Cole set up his spotter next to me and started analyzing the bull’s tines, width, and paddles. He was way over legal and I was ready to shoot. The truth is that I get unreasonably excited in these moments and my judgment becomes questionable. I stayed on the rifle but kept my eye out of the scope, this was Cole’s moment to use his skill in estimation and judgment. After determining this was a shooter, Cole asked me if I liked the bull while keeping his eye in his spotter. I said yes and Cole looked at me and said, “you aren’t even looking through your scope.”
I’d been trying not to get too spun up about this giant animal and was operating under the theory that looking at him would make it worse. I looked through the scope again and softly repeated, “yes.” Later, I’d look at the stats from my Garmin watch and see my heart rate was in the 160’s.
I looked back to make sure Max was good to go, and Cole let out a short call to stop the bull and gave me the green light. My bullet smashed through his left shoulder and as the bull turned Cole said, “slip another one in there.” That shot took out the top of his heart. As he fell he disappeared into the willows. Max pointed his camera at me and asked what I was feeling and I said, “it’s too soon to talk about.” I was feeling everything, a lot, and all at once.
It took all four of us, cutting and packing, five hours to move the bull 200 yards to the strip. It was perfect. Once packed out, we called for the plane and started sending loads of meat out to the local villages whose land we were on, and who were grateful for the red meat. That night, Cole fried some tenderloin in butter with salt and pepper in the tent, bears be damned. The moose tasted like the place felt, wild and satisfying.
The same morning, John Brasseur killed a bull moose in his camp. With a less troublesome and reverse order, we began the trip home, this time it would only take three days.
Something you may not know is that part of the testing process for Sig Sauer on new guns is to send them into the field under trying circumstances. This was our purpose. To use a prototype rifle against an incredibly tough animal in an unforgiving and difficult place.
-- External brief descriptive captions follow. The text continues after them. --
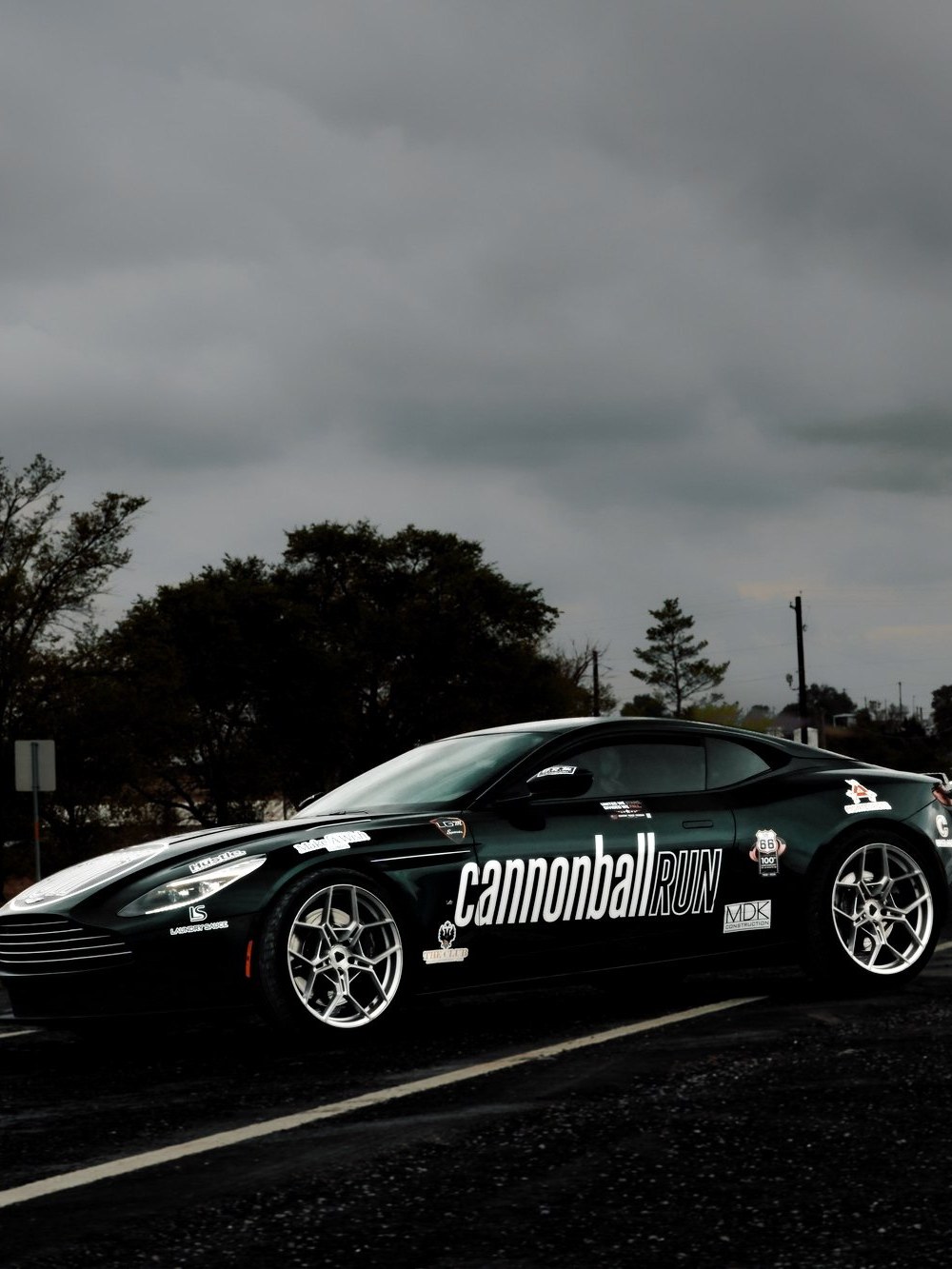 A dark grand tourer in Cannonball livery on a wet road under a heavy grey sky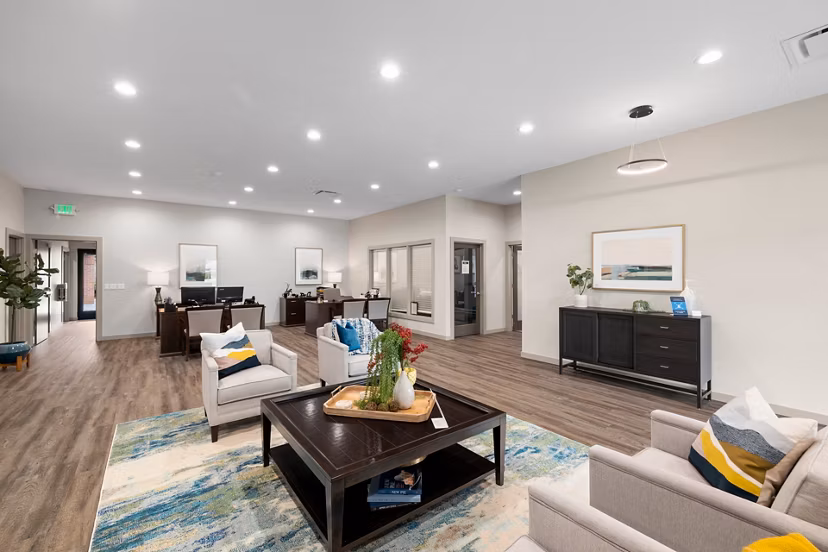 Clubhouse with modern decor and spacious seating at Highland Hills Apartments, perfect for social gatherings and community events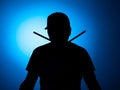 Silhouette Expressive young drummer with drum stick on a blue background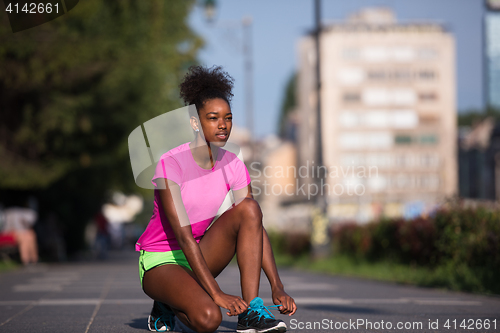 Image of African american woman runner tightening shoe lace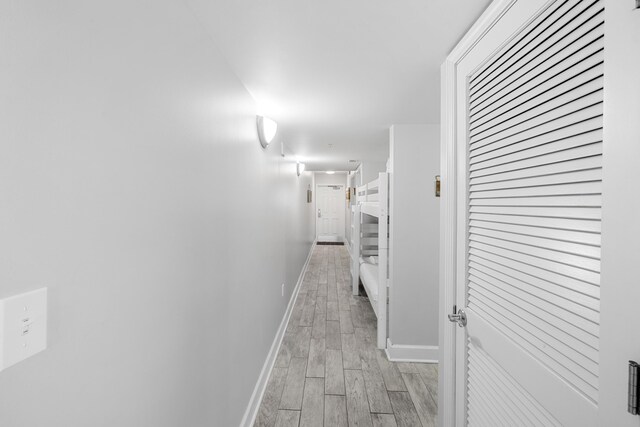 hallway with baseboards and wood finish floors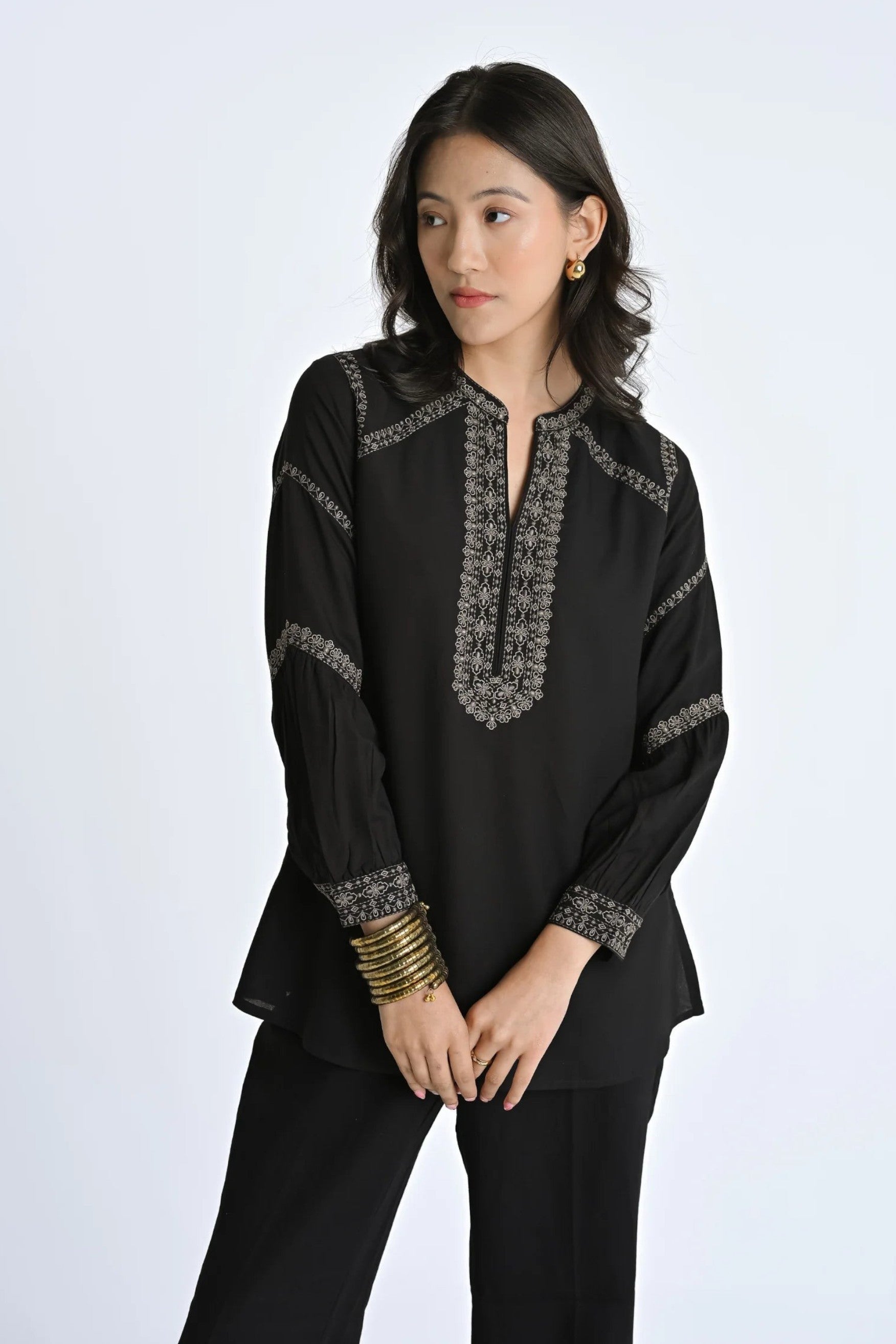 indigrey June black top with intricate filigree traceline floral embroidery, long sleeves, and a split neckline.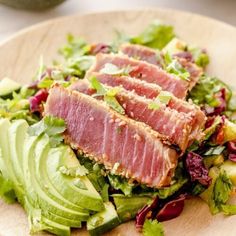 a wooden plate topped with sliced meat and veggies on top of lettuce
You simply cannot test a rifle in a lab in the ways it gets tested in the real world, by real hunters.
Alaska. The weather, distance between places, wildlife, people, and terrain are like no other place I’ve been. The logistics can be daunting. Noting comes easy, but every once in a while, it works out that a good bull shows himself on hard ground near the airstrip. All that’s left to do is all that matters.